CIS, RACK1, and DLC1 Were Mutually Dependent to Mediate the Degradation of BimEL via the E3 Ligase Complex—To examine whether RACK1, BimEL, and CIS form a protein complex, a coimmunoprecipitation assay was performed. The paclitaxel treatment caused enhanced interaction between RACK1 and CIS (Fig. 4A, left panel), which confirmed our previous unpublished observation.⁵ Reciprocal coimmunoprecipitation revealed that the interaction between BimEL and CIS was enhanced upon paclitaxel treatment (Fig. 4A, right panels). Together with the observations described above, we have shown that 1) RACK1, CIS, and BimEL can interact and potentially form a triple-protein complex and 2) both CIS and RACK1 regulated BimEL protein levels via a proteasome-dependent pathway.

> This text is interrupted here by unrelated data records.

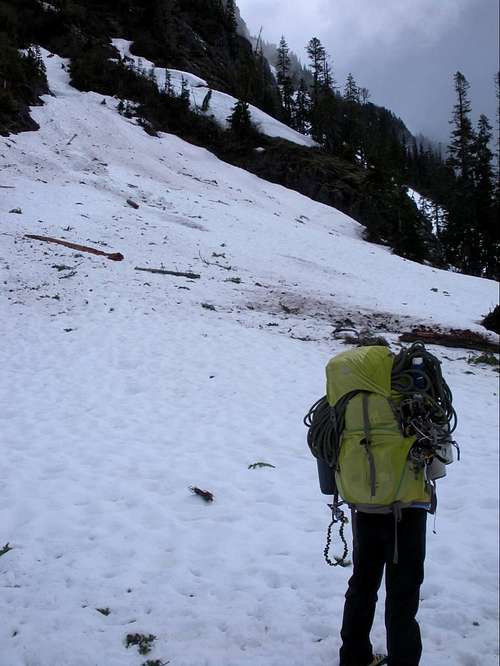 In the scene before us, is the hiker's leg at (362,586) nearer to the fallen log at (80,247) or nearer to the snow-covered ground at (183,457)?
the snow-covered ground at (183,457)

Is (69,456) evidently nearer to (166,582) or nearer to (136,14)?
(166,582)

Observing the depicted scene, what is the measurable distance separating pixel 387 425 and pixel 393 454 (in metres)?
0.15

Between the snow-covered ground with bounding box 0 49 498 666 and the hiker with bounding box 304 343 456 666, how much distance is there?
3.66 feet

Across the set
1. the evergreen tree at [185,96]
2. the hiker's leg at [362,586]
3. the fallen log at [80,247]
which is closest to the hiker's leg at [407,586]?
the hiker's leg at [362,586]

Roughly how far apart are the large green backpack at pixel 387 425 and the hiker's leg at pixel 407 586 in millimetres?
143

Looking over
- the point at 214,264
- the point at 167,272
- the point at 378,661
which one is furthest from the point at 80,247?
the point at 378,661

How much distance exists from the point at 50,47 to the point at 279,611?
5149 cm

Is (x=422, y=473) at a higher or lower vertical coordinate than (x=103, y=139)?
lower

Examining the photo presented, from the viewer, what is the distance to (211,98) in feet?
157

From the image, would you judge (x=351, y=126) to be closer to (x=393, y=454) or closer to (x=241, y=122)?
(x=241, y=122)

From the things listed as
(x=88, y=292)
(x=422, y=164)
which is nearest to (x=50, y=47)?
(x=88, y=292)

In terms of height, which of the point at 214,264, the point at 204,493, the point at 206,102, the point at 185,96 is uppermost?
the point at 206,102

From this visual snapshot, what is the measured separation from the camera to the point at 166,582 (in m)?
3.78

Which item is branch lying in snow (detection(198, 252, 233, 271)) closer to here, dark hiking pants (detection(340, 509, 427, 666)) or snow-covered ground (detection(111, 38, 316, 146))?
dark hiking pants (detection(340, 509, 427, 666)) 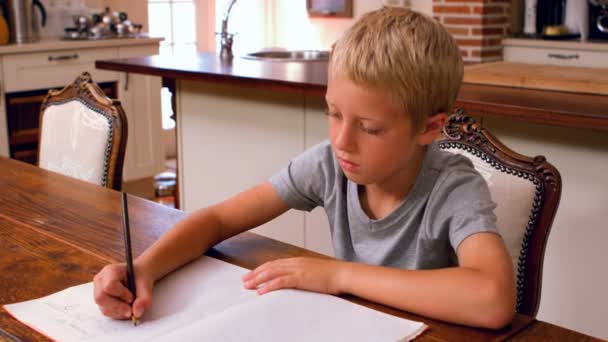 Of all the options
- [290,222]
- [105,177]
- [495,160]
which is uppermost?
[495,160]

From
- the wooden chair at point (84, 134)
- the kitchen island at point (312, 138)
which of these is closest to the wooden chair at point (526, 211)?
the kitchen island at point (312, 138)

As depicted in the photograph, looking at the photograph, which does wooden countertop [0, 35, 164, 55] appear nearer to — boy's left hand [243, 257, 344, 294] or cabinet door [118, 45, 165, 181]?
cabinet door [118, 45, 165, 181]

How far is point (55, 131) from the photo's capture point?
200cm

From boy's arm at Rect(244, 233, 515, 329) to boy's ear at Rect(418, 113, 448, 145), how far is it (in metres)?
0.15

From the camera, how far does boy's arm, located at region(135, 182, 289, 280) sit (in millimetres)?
1089

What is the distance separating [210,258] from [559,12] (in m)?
4.00

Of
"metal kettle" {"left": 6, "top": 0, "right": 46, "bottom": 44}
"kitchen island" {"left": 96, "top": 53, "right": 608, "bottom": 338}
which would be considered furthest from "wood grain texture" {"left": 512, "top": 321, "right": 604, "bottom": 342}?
"metal kettle" {"left": 6, "top": 0, "right": 46, "bottom": 44}

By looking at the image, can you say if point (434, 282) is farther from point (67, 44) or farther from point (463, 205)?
point (67, 44)

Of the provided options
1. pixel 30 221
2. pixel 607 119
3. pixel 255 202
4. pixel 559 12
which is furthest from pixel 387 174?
pixel 559 12

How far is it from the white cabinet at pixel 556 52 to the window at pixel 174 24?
2.28m

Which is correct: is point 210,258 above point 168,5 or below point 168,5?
below

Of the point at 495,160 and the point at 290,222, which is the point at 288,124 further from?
the point at 495,160

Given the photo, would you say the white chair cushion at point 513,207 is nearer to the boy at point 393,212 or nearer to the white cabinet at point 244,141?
the boy at point 393,212

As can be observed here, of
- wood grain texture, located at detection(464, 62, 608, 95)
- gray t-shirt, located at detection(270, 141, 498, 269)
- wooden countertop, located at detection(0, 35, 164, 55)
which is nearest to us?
gray t-shirt, located at detection(270, 141, 498, 269) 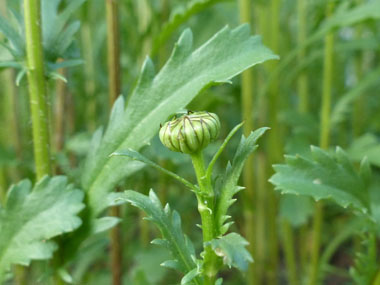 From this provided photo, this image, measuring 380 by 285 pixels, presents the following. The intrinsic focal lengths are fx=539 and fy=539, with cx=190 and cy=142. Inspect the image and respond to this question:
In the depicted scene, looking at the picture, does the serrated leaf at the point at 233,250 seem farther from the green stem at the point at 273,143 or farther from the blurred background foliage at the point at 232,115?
the green stem at the point at 273,143

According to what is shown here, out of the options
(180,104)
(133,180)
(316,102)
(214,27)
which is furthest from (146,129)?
(316,102)

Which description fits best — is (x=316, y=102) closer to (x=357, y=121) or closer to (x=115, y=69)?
(x=357, y=121)

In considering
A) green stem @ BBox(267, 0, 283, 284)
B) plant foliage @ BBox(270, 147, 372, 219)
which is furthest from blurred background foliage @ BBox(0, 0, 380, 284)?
plant foliage @ BBox(270, 147, 372, 219)

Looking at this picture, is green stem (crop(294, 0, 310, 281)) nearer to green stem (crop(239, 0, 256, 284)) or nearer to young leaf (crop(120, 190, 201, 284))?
green stem (crop(239, 0, 256, 284))

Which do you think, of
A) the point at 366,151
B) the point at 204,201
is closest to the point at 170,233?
the point at 204,201

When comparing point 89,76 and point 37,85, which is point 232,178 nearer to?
point 37,85

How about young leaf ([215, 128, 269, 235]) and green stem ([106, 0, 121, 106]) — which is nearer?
young leaf ([215, 128, 269, 235])

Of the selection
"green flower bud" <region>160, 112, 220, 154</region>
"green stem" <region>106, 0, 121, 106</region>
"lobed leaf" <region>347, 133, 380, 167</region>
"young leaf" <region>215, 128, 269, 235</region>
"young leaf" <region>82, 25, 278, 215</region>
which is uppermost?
"green stem" <region>106, 0, 121, 106</region>

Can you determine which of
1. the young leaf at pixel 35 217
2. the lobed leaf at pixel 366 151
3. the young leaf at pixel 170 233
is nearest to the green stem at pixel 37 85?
the young leaf at pixel 35 217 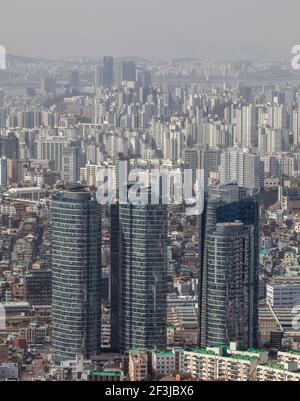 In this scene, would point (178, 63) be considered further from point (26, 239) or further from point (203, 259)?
point (26, 239)

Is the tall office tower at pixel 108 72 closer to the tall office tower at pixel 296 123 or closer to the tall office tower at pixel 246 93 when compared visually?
the tall office tower at pixel 246 93

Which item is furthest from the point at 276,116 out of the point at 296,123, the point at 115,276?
the point at 115,276

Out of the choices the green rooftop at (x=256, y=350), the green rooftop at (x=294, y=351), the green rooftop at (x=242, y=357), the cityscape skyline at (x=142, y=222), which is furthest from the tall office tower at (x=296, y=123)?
the green rooftop at (x=242, y=357)

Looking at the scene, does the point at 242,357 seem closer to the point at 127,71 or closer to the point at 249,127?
the point at 127,71

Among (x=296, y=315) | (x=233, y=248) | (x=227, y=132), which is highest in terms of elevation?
(x=227, y=132)

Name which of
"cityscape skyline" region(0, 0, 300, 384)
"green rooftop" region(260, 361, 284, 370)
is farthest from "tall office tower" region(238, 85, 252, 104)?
"green rooftop" region(260, 361, 284, 370)

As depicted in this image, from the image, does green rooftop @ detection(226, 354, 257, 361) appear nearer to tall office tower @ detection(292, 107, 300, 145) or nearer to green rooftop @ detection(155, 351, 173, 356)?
green rooftop @ detection(155, 351, 173, 356) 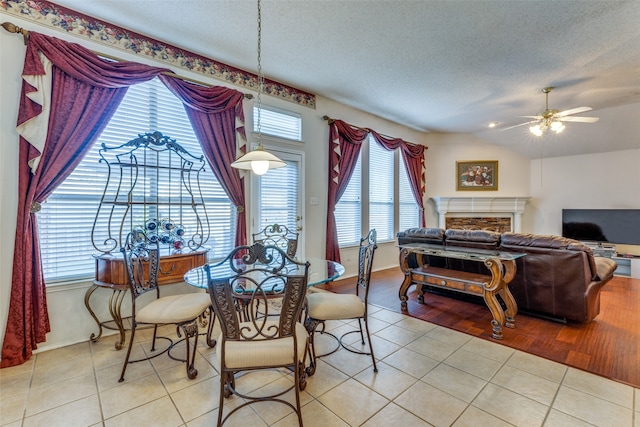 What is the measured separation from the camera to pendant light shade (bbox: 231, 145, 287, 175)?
7.52 feet

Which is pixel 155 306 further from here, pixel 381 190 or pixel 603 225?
pixel 603 225

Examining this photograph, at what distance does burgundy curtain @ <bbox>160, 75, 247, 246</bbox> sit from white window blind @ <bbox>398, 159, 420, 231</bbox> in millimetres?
3567

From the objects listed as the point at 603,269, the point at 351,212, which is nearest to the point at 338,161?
the point at 351,212

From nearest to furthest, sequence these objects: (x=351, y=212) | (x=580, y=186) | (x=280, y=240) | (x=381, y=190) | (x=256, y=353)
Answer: (x=256, y=353) < (x=280, y=240) < (x=351, y=212) < (x=381, y=190) < (x=580, y=186)

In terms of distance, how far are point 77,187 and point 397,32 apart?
10.8 ft

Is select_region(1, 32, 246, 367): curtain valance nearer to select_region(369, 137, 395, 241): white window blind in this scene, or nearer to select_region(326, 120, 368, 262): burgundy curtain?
select_region(326, 120, 368, 262): burgundy curtain

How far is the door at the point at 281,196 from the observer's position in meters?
3.80

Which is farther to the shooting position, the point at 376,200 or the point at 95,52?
the point at 376,200

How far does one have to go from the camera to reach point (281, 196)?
159 inches

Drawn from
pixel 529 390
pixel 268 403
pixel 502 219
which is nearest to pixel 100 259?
pixel 268 403

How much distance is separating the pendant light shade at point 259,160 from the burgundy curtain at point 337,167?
2142mm

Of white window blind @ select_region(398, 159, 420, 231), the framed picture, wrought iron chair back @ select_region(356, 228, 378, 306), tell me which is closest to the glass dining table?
wrought iron chair back @ select_region(356, 228, 378, 306)

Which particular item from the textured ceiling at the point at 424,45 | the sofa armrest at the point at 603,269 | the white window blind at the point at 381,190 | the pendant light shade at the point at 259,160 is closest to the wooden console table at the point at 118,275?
the pendant light shade at the point at 259,160

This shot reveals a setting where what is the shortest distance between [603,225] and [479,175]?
231 centimetres
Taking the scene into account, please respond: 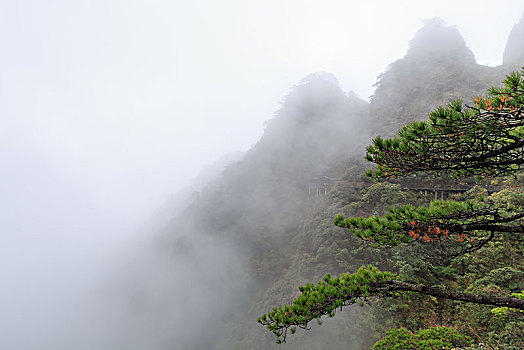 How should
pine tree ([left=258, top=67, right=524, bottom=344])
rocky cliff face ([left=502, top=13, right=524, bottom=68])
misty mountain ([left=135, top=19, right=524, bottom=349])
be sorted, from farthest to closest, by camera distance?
rocky cliff face ([left=502, top=13, right=524, bottom=68]), misty mountain ([left=135, top=19, right=524, bottom=349]), pine tree ([left=258, top=67, right=524, bottom=344])

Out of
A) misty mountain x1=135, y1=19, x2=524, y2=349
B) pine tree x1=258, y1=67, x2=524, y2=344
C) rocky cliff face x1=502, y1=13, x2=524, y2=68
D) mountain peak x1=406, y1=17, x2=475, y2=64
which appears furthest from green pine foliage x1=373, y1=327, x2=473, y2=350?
rocky cliff face x1=502, y1=13, x2=524, y2=68

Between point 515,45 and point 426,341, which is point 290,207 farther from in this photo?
point 515,45

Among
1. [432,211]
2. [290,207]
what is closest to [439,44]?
[290,207]

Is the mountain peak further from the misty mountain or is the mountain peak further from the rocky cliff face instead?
the rocky cliff face

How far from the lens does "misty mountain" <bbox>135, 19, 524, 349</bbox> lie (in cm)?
1515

CIS, like other SOCS/CIS family members, contains a short N-terminal domain, a central SH2 domain, and a C-terminal SOCS-box. Because of the structural similarity, CIS can potentially associate, via its SOCS-box, with ElonginB and ElonginC (the Elongin B/C complex) and Cullin2, thereby forming the RING domain-based E3 ligase complex. Additionally, Cullin2 has already been shown to form an E3 ligase complex with other SOCS family members (21). Coimmunoprecipitation revealed that Cullin2 also interacted with CIS (Fig. 4B). We also detected association of Cullin2 with RACK1 and BimEL (Fig. 4C), which was enhanced upon paclitaxel treatment. These results suggest that CIS regulated BimEL degradation through the Cullin2-based E3 ligase-proteasome pathway. Indeed, overexpression of CIS and Cullin2 in HEK293T cells led to the decreased level of BimEL (Fig. 4C), supporting our hypothesis that Cullin2 participated in the degradation of BimEL.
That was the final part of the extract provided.